(Bloomberg) -- A week of blockbuster deals has propelled Canada to its best-ever start to a year for mergers and acquisitions, with little sign of any slowdown moving into the second quarter.

Transactions valued at $102 billion have been announced by Canadian companies this year, up 143% from the same point in 2020, according to data compiled by Bloomberg. That’s already the most for a first quarter on record and compares with a 67% year-on-year increase in U.S. deal values, 36% across Europe and 21% in Asia Pacific, the data show.

The latest bumper deal came on Sunday, when Canadian Pacific Railway Ltd. agreed to buy Kansas City Southern for $25 billion, seeking to create a 20,000-mile (32,000-kilometer) rail network linking the U.S., Mexico and Canada. The transaction came less than a week after Canada’s Rogers Communications Inc. said it would buy domestic rival Shaw Communications Inc. in a $16 billion tie-up.
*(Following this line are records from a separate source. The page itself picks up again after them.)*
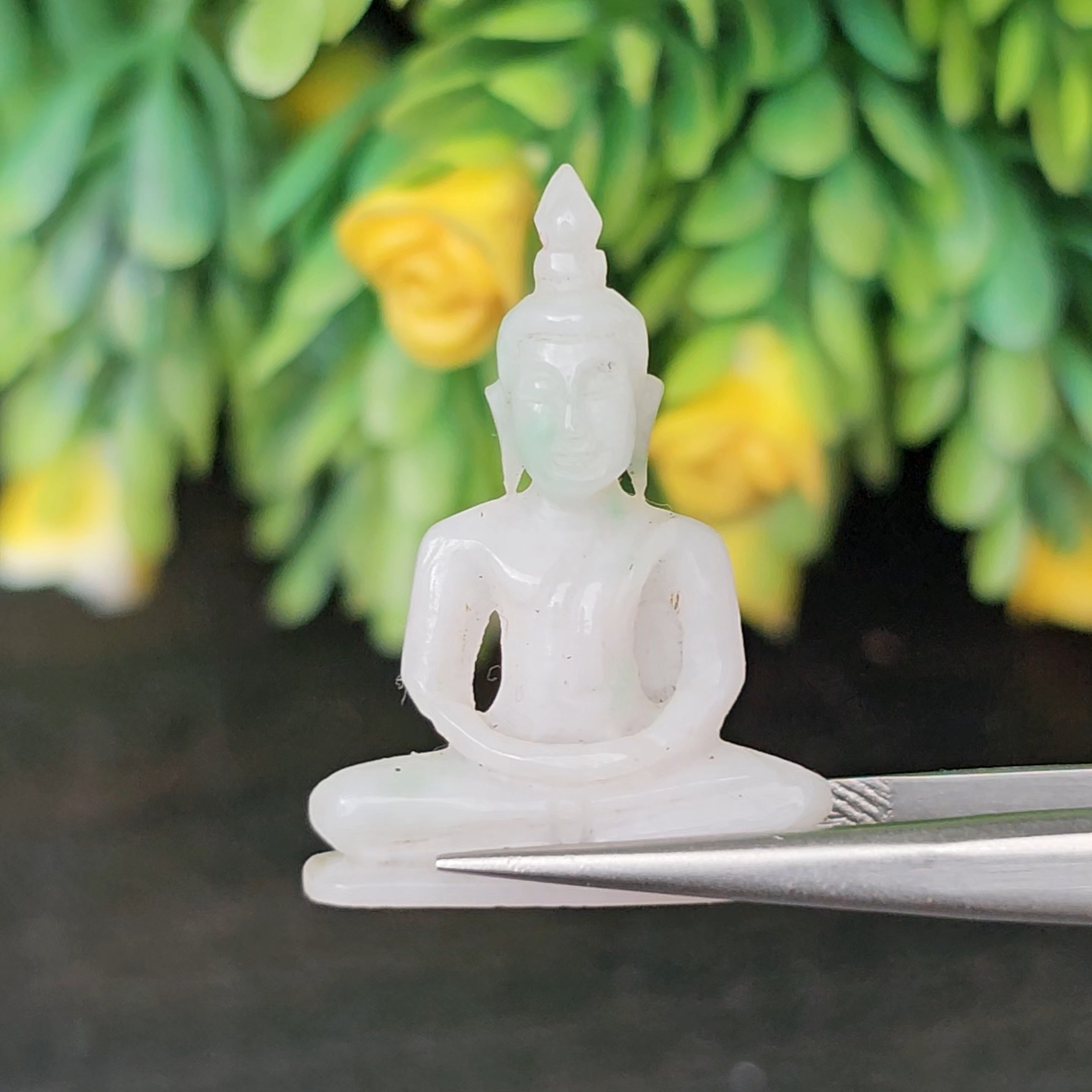 หยก แกะสลัก รูป พระ (Burmese jadeite) 18.46 กะรัต (cts.) หยก พม่า แท้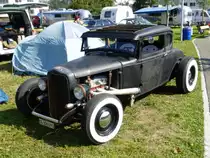 Ford Fun Car Oldtimer Ausgestellt am der Route 66 in Aarburg am 06.09.2014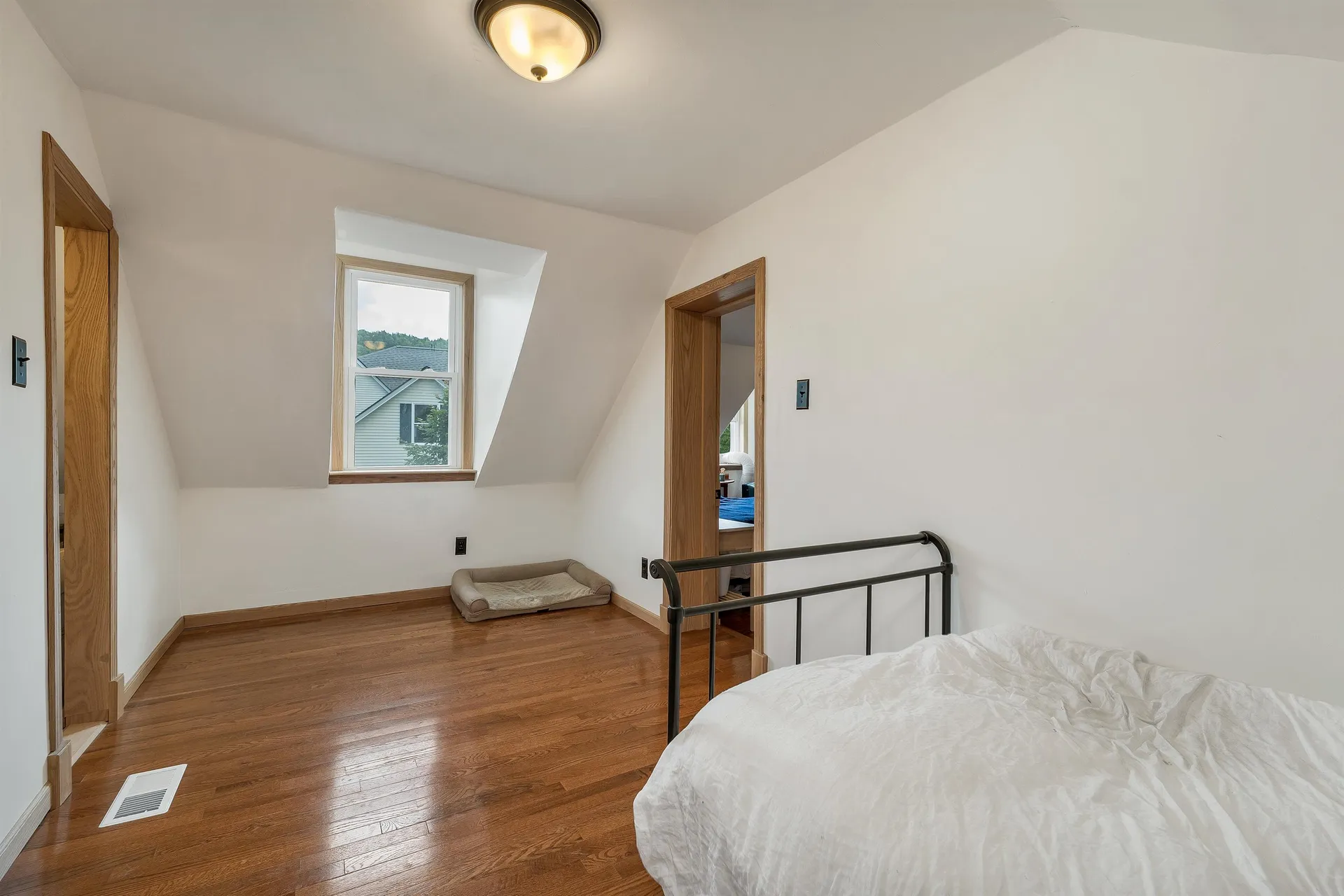 12 School Street Gorham NH 03581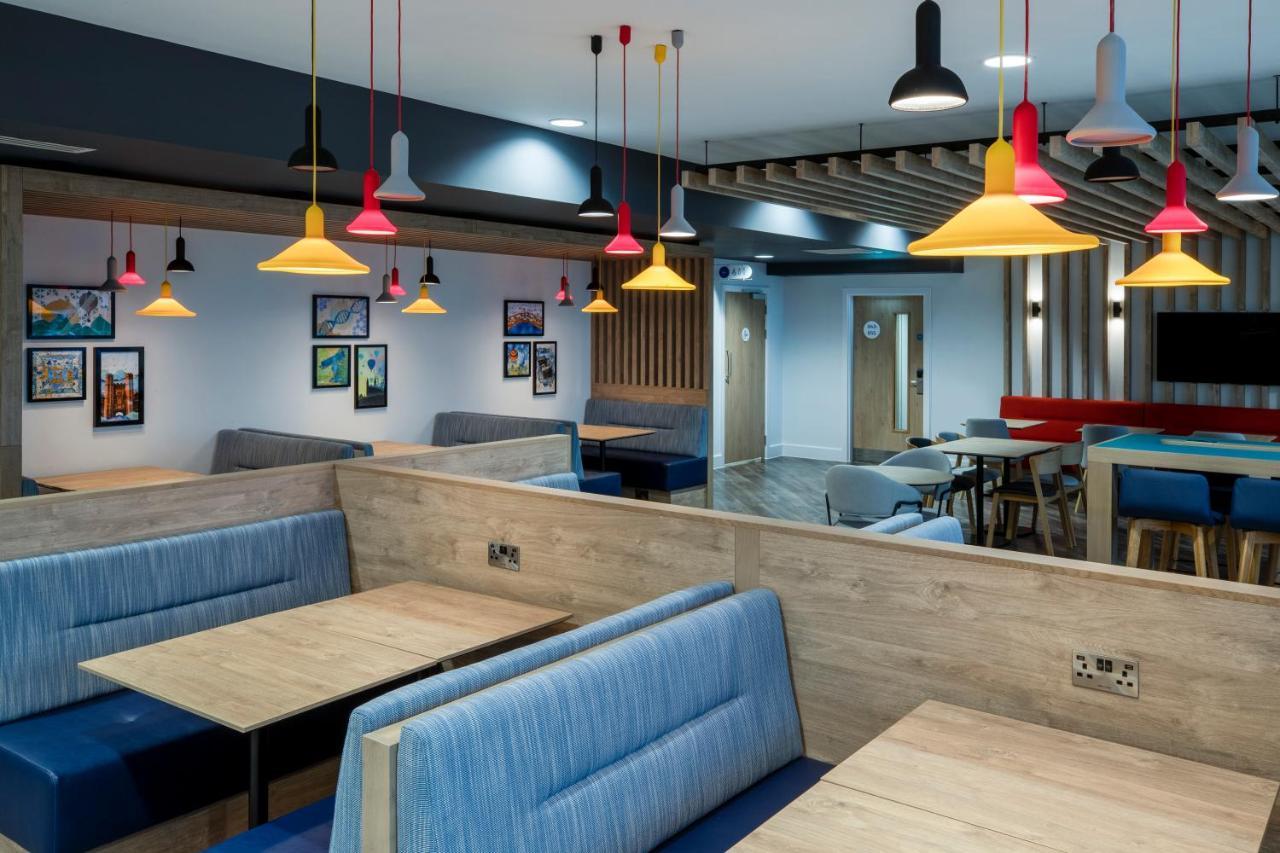 Holiday Inn Express Cambridge West - Cambourne By Ihg 外观 照片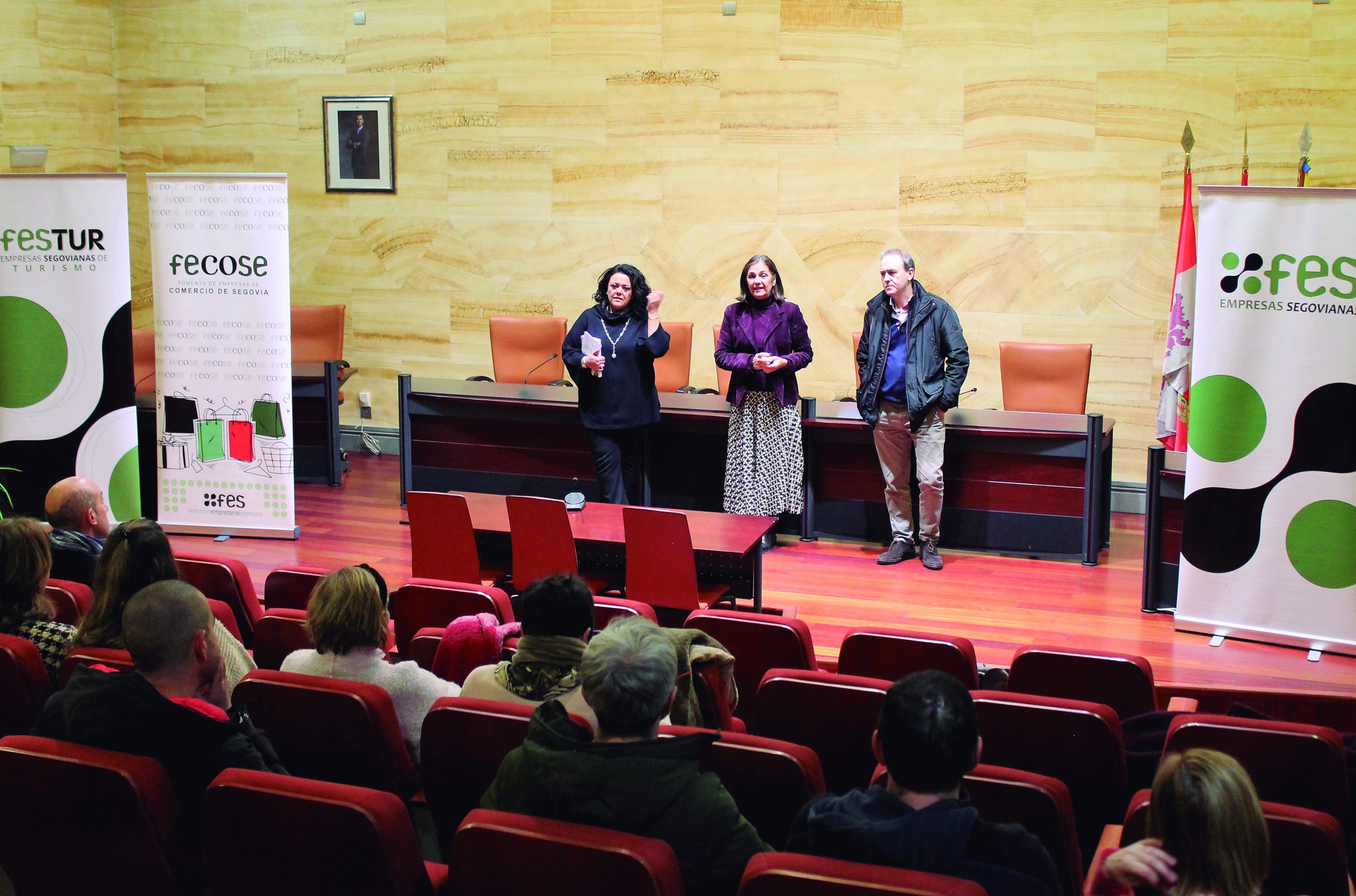Un momento de la reunión en el Ayuntamiento granjeño.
The appetite for dealmaking among Canadian companies shows scant evidence of being sated.

Convenience store operator Alimentation Couche-Tard Inc. remains on the hunt for acquisitions, having seen a $20 billion bid for French grocer Carrefour SA shot down by politicians in January. Couche-Tard Chief Executive Officer Brian Hannasch said at the time that the company had a “robust” set of other acquisitions to examine as it pursues a goal of doubling profit by 2023.

Elsewhere, Inter Pipeline Ltd. has said it will start a review of options including a potential sale after receiving a hostile takeover bid from Brookfield Infrastructure Partners LP.